Inside the Mind of a Teenage Climate Activist | Omega

Alexandria Villaseñor, 14, has held weekly climate strikes at the United Nations since December 14, 2018. During one Friday strike, she described what it's like to go from being a typical school kid to a leader of the youth climate movement.

NEW YORK—The Uber pulled up near the United Nations building and a weary teenager stepped out.

On a sun-splashed Friday in July, Alexandria Villaseñor (@AlexandriaV2005) was on three hours sleep, having spent the past week at planning meetings for the next major climate strike and then traveling to Washington, D.C., to lobby elected officials.

Villaseñor, 14, and her mother, Kristin Hogue (@ClimateKristin) had returned home at 3 a.m. on Friday, the day Villaseñor reserves for her climate strikes. Now it was 11 a.m. and in just a few short hours, she would catch a flight to Miami for a youth summit.

Protest sign in hand, she took her place on one of the metal benches near the UN entrance and reflected on her work.

Omega: What inspired you to do this? 

Alexandria: I used to live in Southern California. I moved to New York City in August [2018]. I was visiting family back in California in November when the Paradise fire broke out. Paradise is only about an hour away from my hometown of Davis, California. So we got a lot of the smoke. Paradise quickly became the worst wildfire in California history. It rated a 350 [air quality index], which was the worst air quality in the world at one point. Since I have asthma, for my health and safety, my family sent me back to New York City early. I became upset when I learned that the fire had a connection to climate change in that climate change is fueling them. I started paying attention to things like COP24 and I saw [Swedish teenage activist] Greta Thunberg speak at COP24. And she really empowered me to strike. My first strike was December 14, 2018, at the United Nations. It was the last day of COP24.

Omega: What were the first days like?

Alexandria: It’s not as depressing as people might think it would be. When I first started my strike, the first couple of weeks I was alone. Sometimes it was raining and I’d be by myself. And it would be quite calming. It would just be downtime. So in the moment, it didn’t really do anything to dampen my spirits. I knew that even though I was alone, I was still going to be out there protesting. I think that was what was really important.

Omega: What role have your peers played in supporting your work? 
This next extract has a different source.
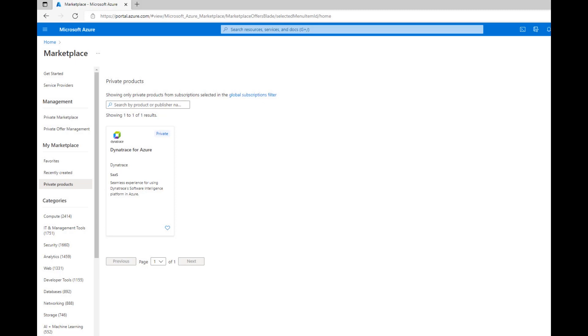Now it's easier than ever for Dynatrace and Microsoft's joint customers to leverage Dynatrace's deep cloud observability, advanced AI apps, and continuous runtime application capabilities in Microsoft Azure.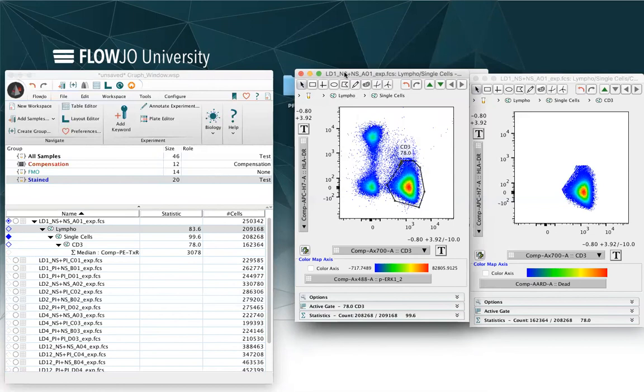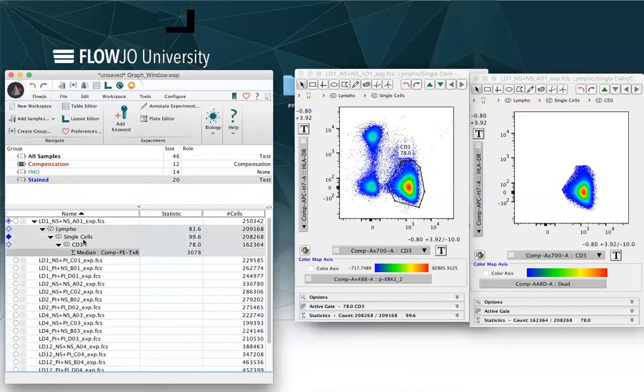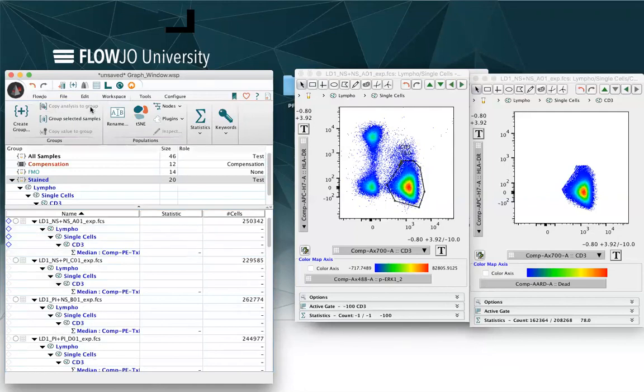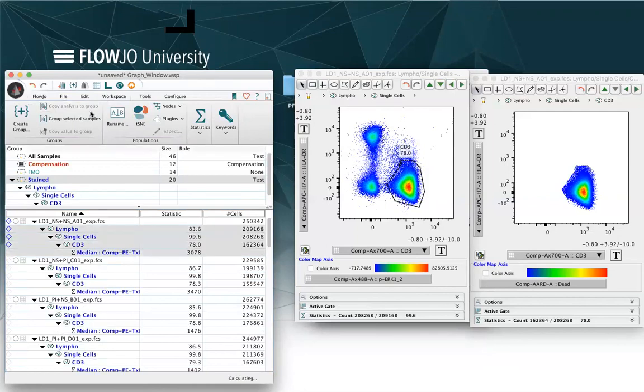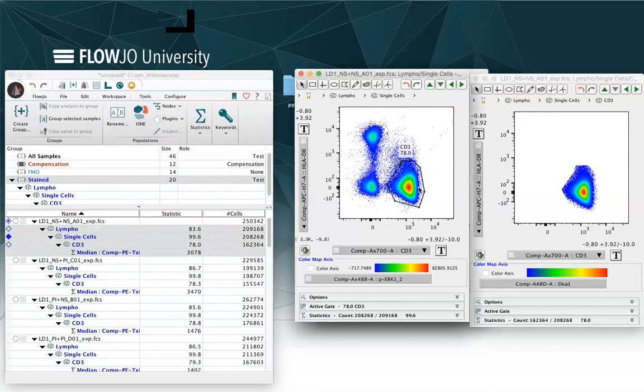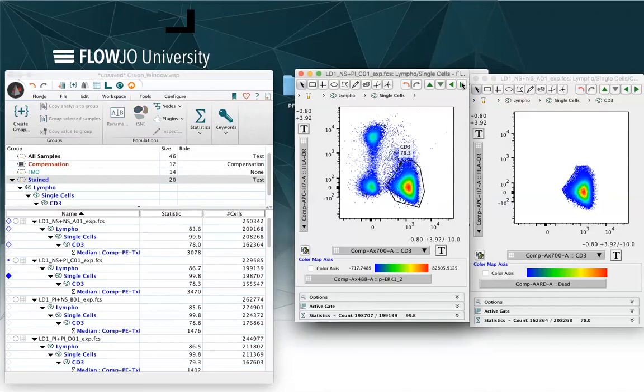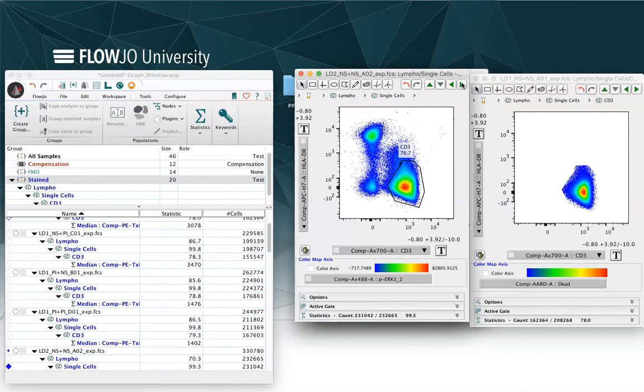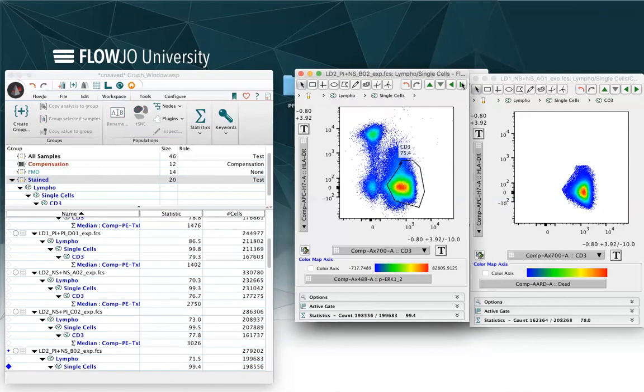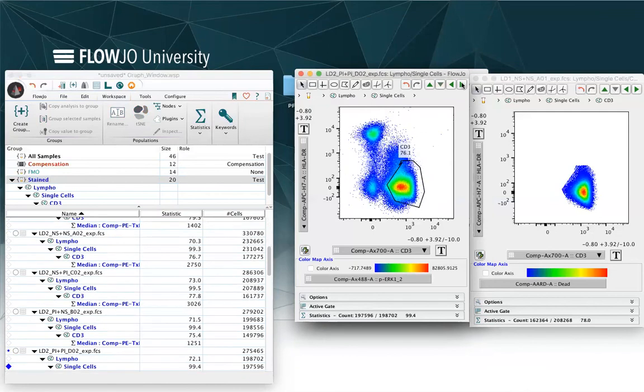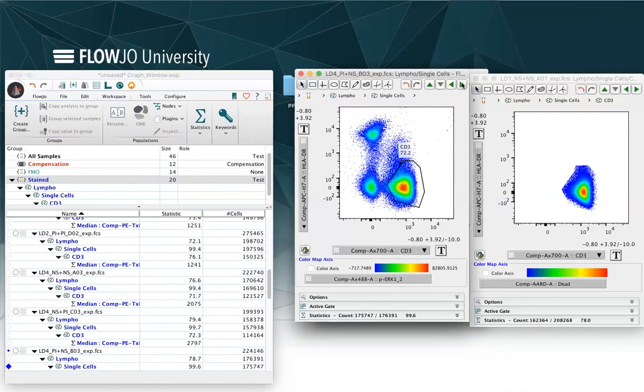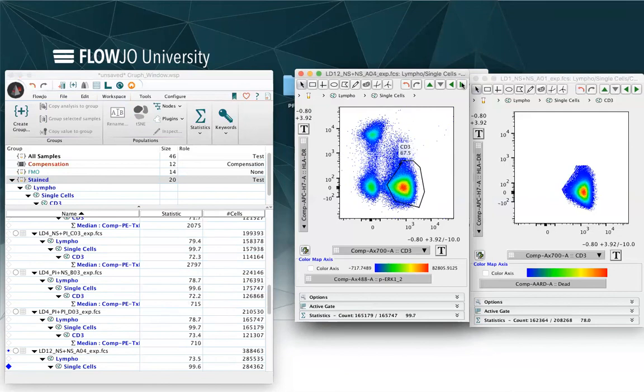If you want to apply a gating strategy to the entire group, you can select the entire gating strategy and all the gates and then click on workspace and copy analysis to group. This way, when all the samples will have the same gate, you can then navigate through the samples and look at the different gates.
Alexandria: I work with a lot of my peers who aren’t in my school, who are organizing and supporting activism. There is a good group of students with Earth Uprising who are the best, most hardworking people and students that I have ever met. When it comes to my classmates, they support me. But it’s been my job to educate them on the urgency of the problem because it takes a lot to go from the place where you compartmentalize the climate crisis to actually realizing its full extent. And that is what I am convincing my classmates of and what they are starting to realize.

Omega: Who are your heroes?

Alexandria: My shero is Greta Thunberg because she has inspired so many students around the world. The way she will stand up and talk to world leaders—and that she is almost my age—is really inspiring. 

Omega: What has been the most satisfying part of your work so far? 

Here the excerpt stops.